Derivation of a Cost-Sensitive COVID-19 Mortality Risk Indicator Using a Multistart Framework.

The overall global death rate for COVID-19 patients has escalated to 2.13% after more than a year of worldwide spread. Despite strong research on the infection pathogenesis, the molecular mechanisms involved in a fatal course are still poorly understood. Machine learning constitutes a perfect tool to develop algorithms for predicting a patient’s hospitalization outcome at triage. This paper presents a probabilistic model, referred to as a mortality risk indicator, able to assess the risk of a fatal outcome for new patients. The derivation of the model was done over a database of 2,547 patients from the first COVID-19 wave in Spain. Model learning was tackled through a five multistart configuration that guaranteed good generalization power and low variance error estimators.

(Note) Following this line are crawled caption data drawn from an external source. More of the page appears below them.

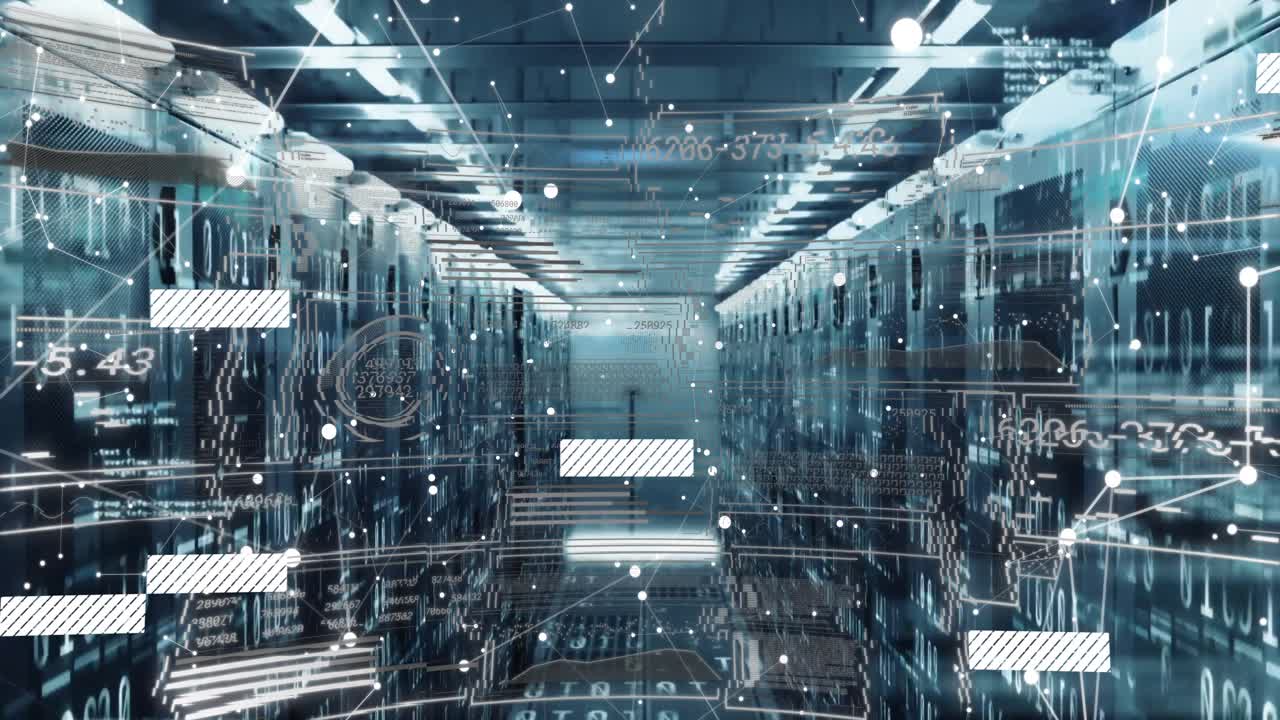 Opening initiating network fading over aisle, data bars sliding, camera advancing showing data flow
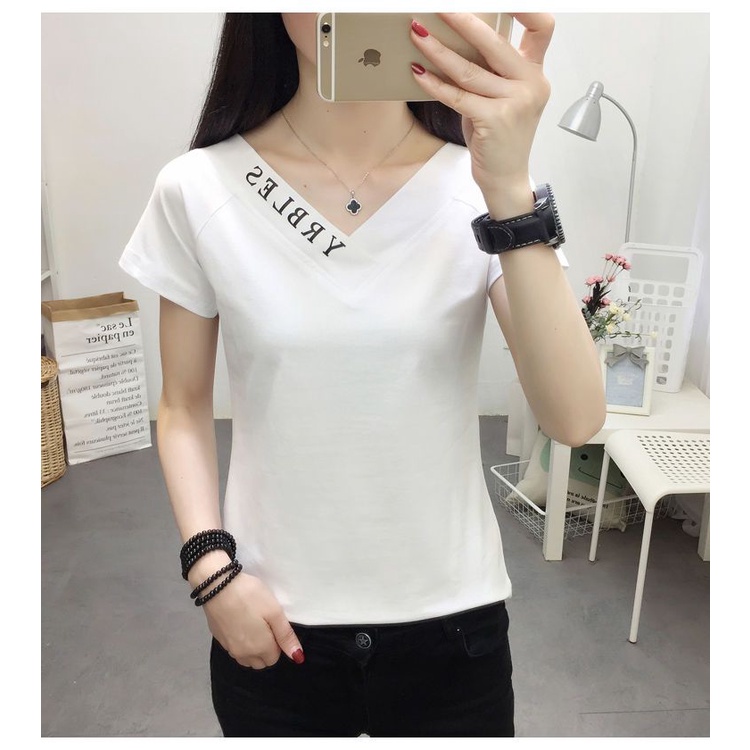 Áo Thun Cổ Chữ v Dáng Ôm Thời Trang Mùa Hè Dành Cho Nữ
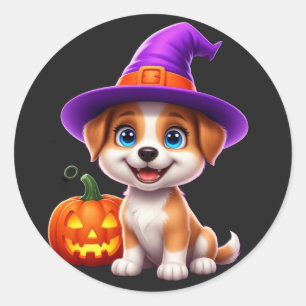 Happy Halloween Puppy With Jack O Lantern 🐶 Classic Round Sticker
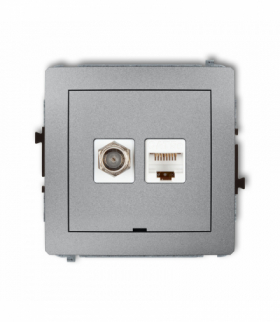 DECO Mechanizm gniazda antenowego poj. typu F (SAT) + gniazda komp. poj. 1xRJ45, kat. 5e, 8-stykowy, bez pola opisowego Srebrny metalik Karlik 7DGFKBO-1
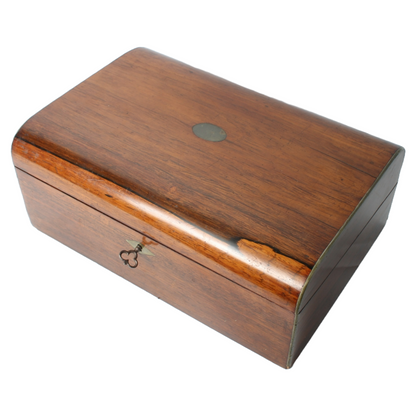 Antique Writing Slope – Wooden 19th Century Writing Box with Purple Velvet Inter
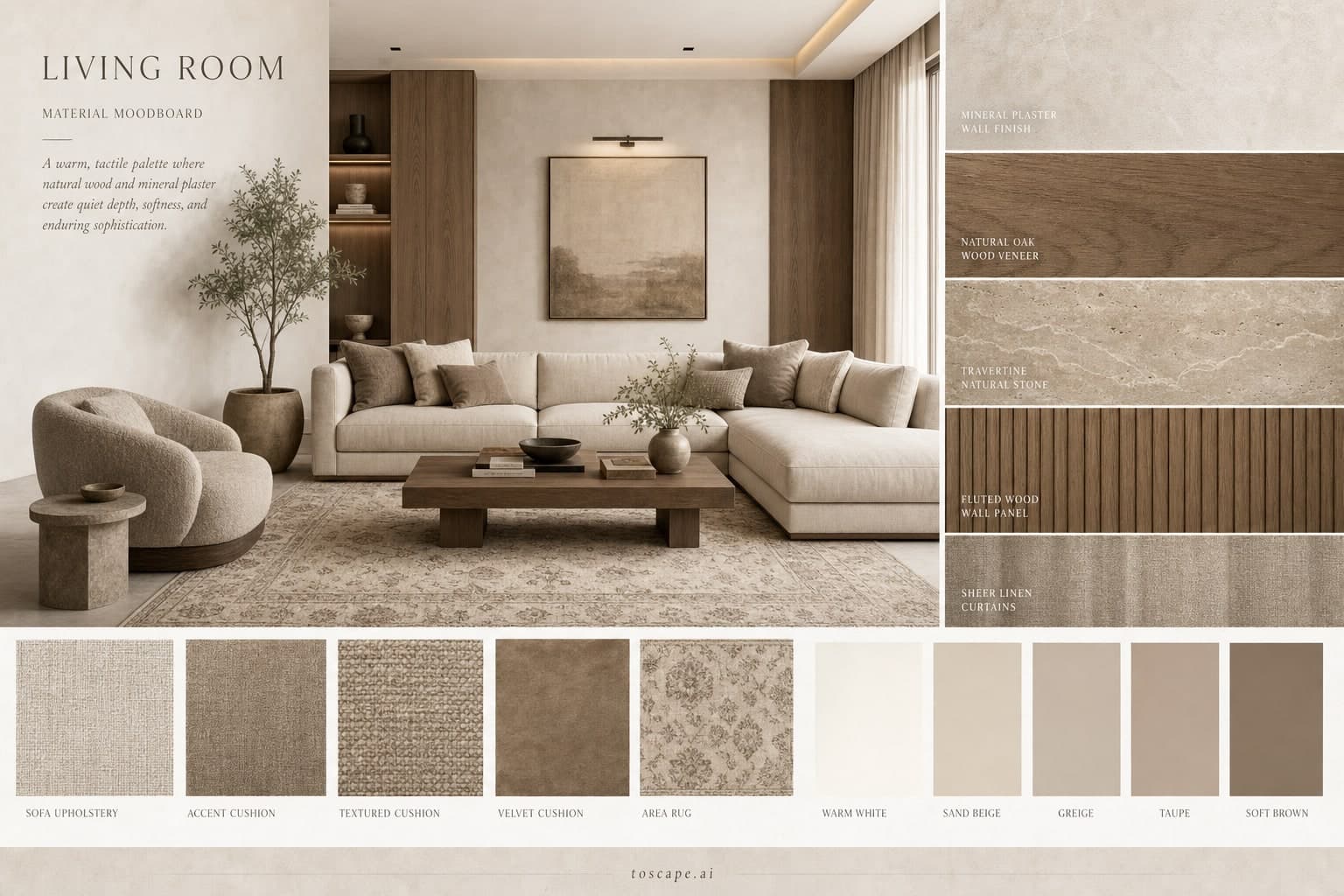 Modern Warm Neutral Living Room — Honed Stone interior moodboard plate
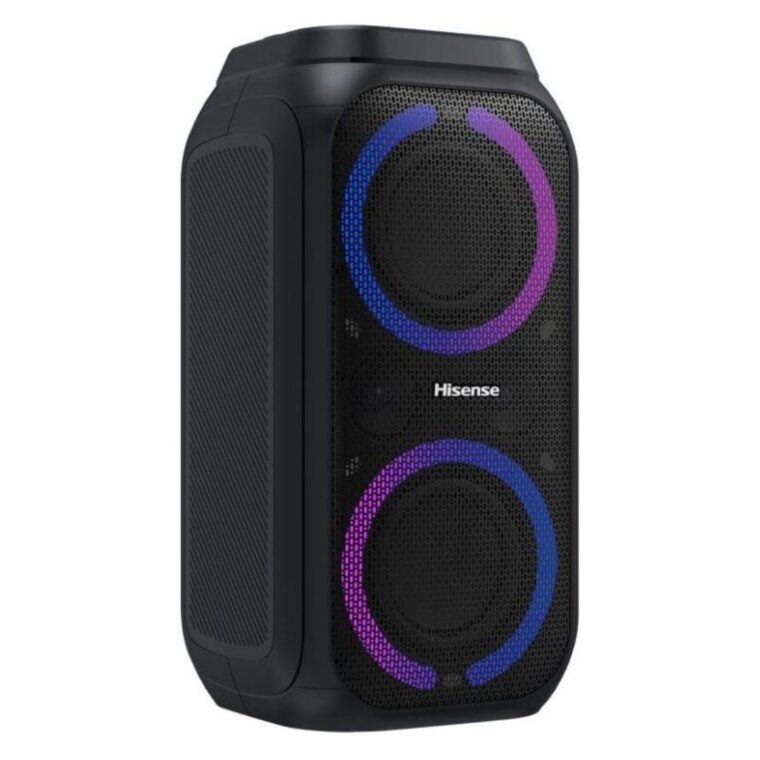 Аудио система Hisense Party Rocket 160, Мощност 160 W, Двоен сабуфер, Bluetooth, RGB LED светлинни ефекти, 5 режима, Караоке режим, Батерия 5100 mAh до 12 часа, Черен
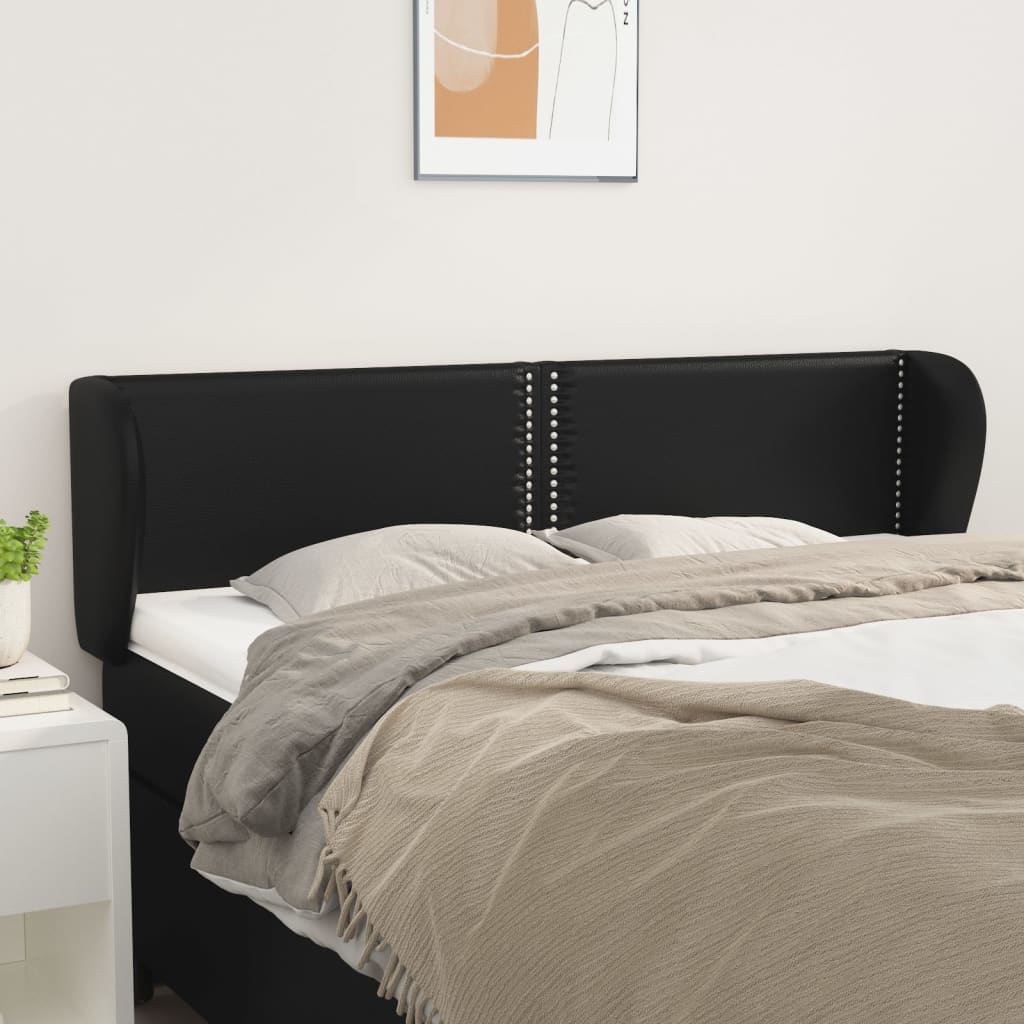 Kopfteil mit Ohren Schwarz 147x23x78/88 cm Kunstleder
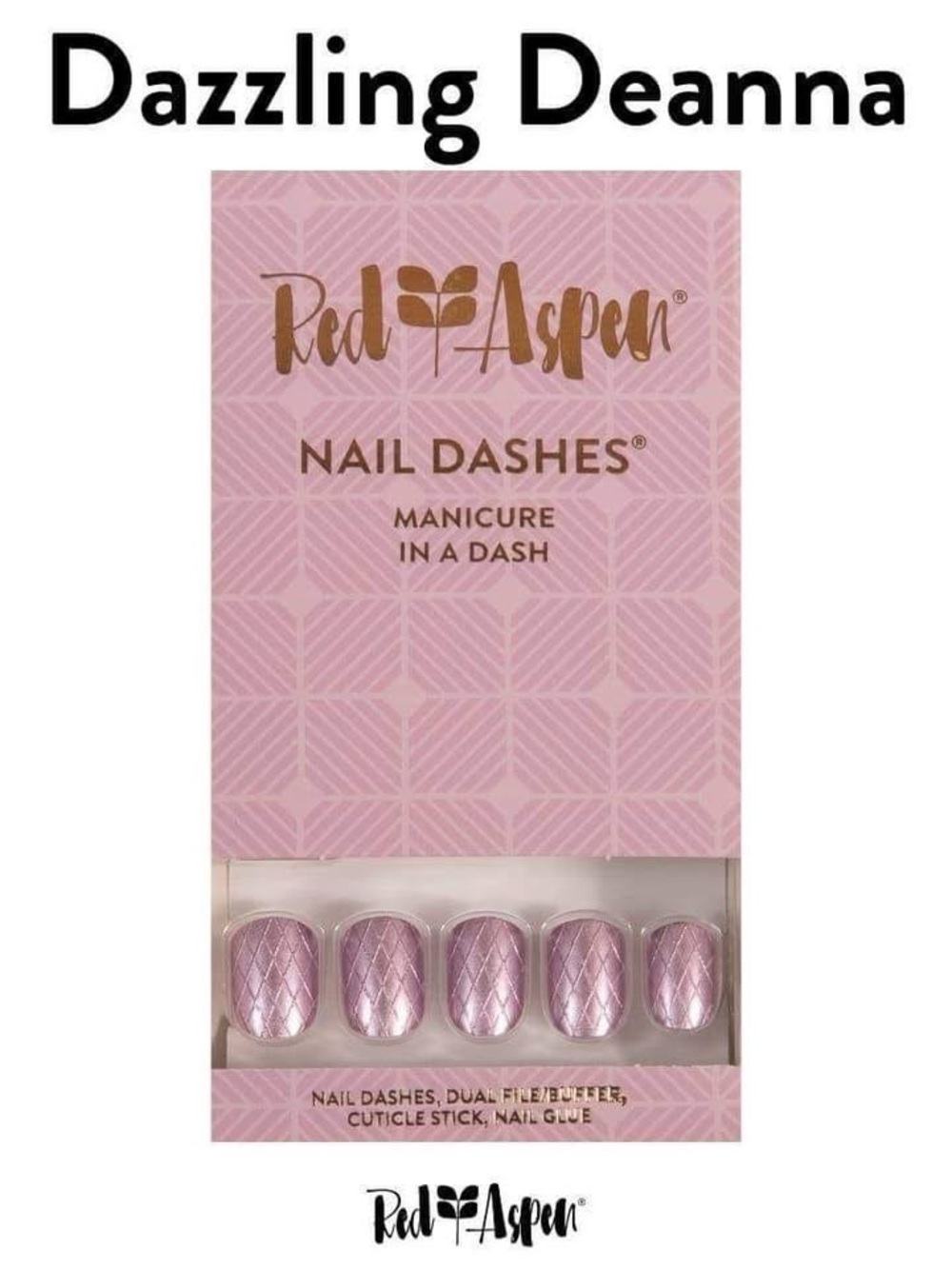NIB Red Aspen Dazzling Deanna Press-On Nail Dashes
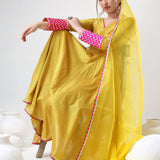 Mustard Yellow Cotton Anarkali Set With Pink Chevron Cuffs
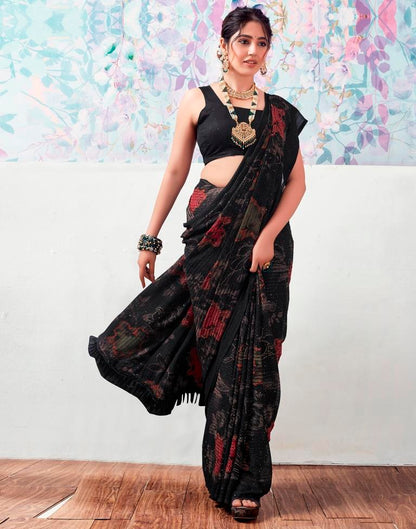 Black Georgette Printed Saree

The training algorithm made use of a class weighting correction to account for the mortality class imbalance and two regularization learners, logistic and lasso regressors. Outcome probabilities were adjusted to obtain cost-sensitive predictions by minimizing the type II error. Our mortality indicator returns both a binary outcome and a three-stage mortality risk level. The estimated AUC across multistarts reaches an average of 0.907. At the optimal cutoff for the binary outcome, the model attains an average sensitivity of 0.898, with a 0.745 specificity. An independent set of 121 patients later released from the same consortium attained perfect sensitivity (1), with a 0.759 specificity when predicted by our model. Best performance for the indicator is achieved when the prediction’s time horizon is within two weeks since admission to hospital. In addition to a strong predictive performance, the set of selected features highlights the relevance of several underrated molecules in COVID-19 research, such as blood eosinophils, bilirubin, and urea levels.